Piuttosto che inseguire simili sogni il ministro Salvini farebbe meglio a dedicarsi a ciò che rientra nei suoi poteri. Attivando, per esempio, dei canali legali per l’immigrazione. Istituendo dei «visti per lavoro» che consentano di venire in Italia e rimanerci per un periodo limitato alla ricerca di un’occupazione. Promuovendo programmi e procedure al fine di impiegare in lavori socialmente utili i tanti «irregolari» che circolano sul territorio in attesa di una decisione sul loro destino. Finanziando corsi di formazione presso istituti o aziende al fine di incentivare rimpatri assistiti e tali da creare valore aggiunto nei Paesi d’origine.

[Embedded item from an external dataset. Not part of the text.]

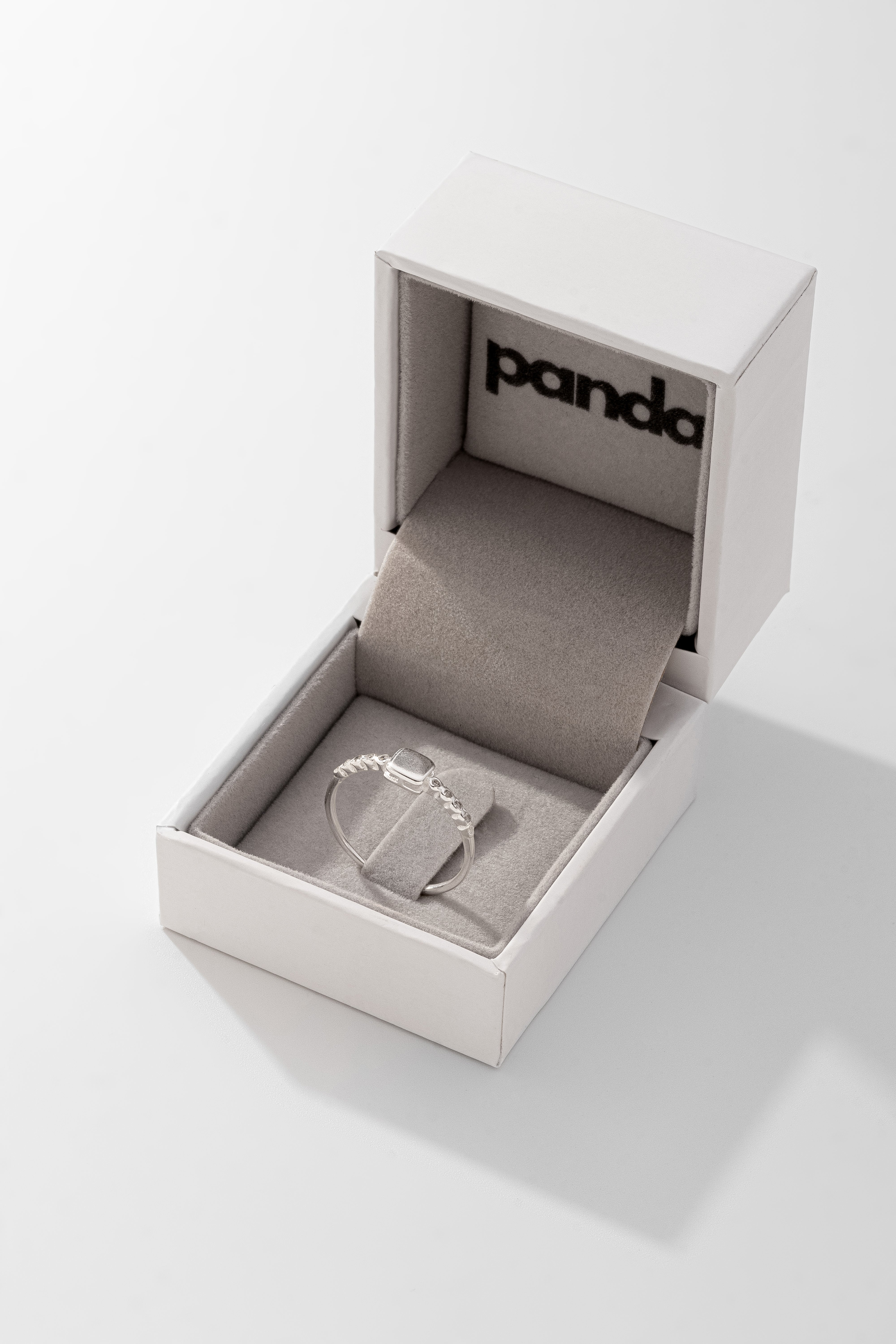 Anel Solitário Geométrico - Prata 925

Sarebbe interessante sapere, infine, per quale ragione il «braccio di ferro» di Matteo Salvini con l’Europa non potrebbe proseguire con i 150 eritrei a terra. Tanto più che non è davvero lecito usare il corpo delle persone come strumento di pressione. L’utilizzo degli «scudi umani», infatti, è pratica contemplata da soggetti che operano fuori dalla legalità. Dovrebbe tenerlo ben presente chi ricopre la carica di ministro dell’Interno.